Acting OCC Comptroller Brian Brookes said that stablecoin services are responsible for “billions of dollars each day” flowing through the financial plumbing.
The statements are also the first indication that certain stablecoins might not be securities under federal law.
Meanwhile, European Central Bank (ECB) President Christine Lagarde said the supranational bank is looking into the benefits and risks of a bloc-wide digital currency.

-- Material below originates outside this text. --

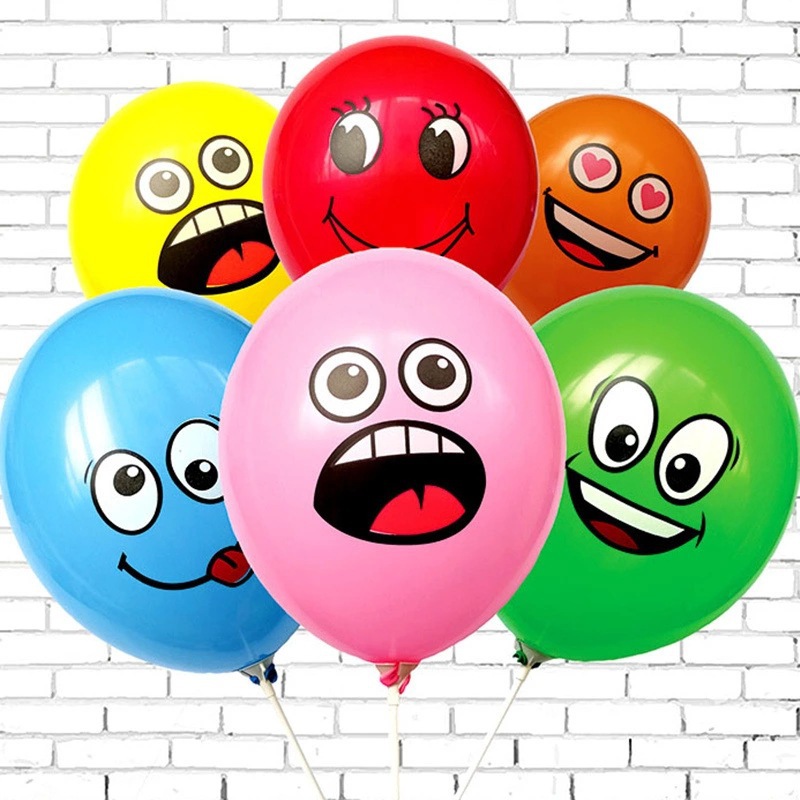Yellow expression balloon thickened round expression bag balloon ground push 12 inch latex balloon children's toy manufacturers wholesale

Rather than as a replacement for cash, a digital euro would "complement" traditional money and provide an alternative to "private digital currencies" for EU citizens. This, she told the EU Parliament on Monday, would "ensure that sovereign money remains at the core of European payment systems."
The comments come a month after Lagarde said Europe is losing ground in payments innovation and signals a continued skeptical line over private “stablecoins” like Libra.
Elsewhere, ECB officials wrote the term stablecoin is “misleading,” adding the term “should be replaced by a choice of terminology to shift the emphasis away from the issuer’s promise of stability.”
Market intel
Follow the leader
Bitcoin (BTC) is once again taking cues from the stock markets and prices may fall below $10,000 if equities see further sell-off, according to analysts. The top cryptocurrency fell by 4.5% on Monday to register its biggest single-day decline since Sept. 4. That came as global stock markets nursed sharp losses and the safe-haven U.S. dollar gained ground on renewed coronavirus fears and uncertainty over the 2020 U.S. election. "Sustained risk-off in broader equity markets will lead to heavy offers across major cryptocurrencies," Matthew Dibb, Stack Funds' co-founder and COO, told CoinDesk. "Bitcoin may revisit September lows [around $9,870]."
Op-ed
Activism
Jeff Dorman, a CoinDesk columnist and chief investment officer at Arca, argues that activist investors can help the digital assets industry mature. “The digital assets ecosystem needs to adopt the best practices of traditional finance. A strong governance system is one element that will help keep companies in this space on track and will hold them accountable,” he writes.
Podcast corner
Banks care?
The FinCEN Files, a leaked cache of more than 2,000 suspicious activity reports (SARs) filed by banks with the U.S .Financial Crimes Enforcement Network, show that banks are happy to file their reports and then keep on banking likely money launderers, NLW argues.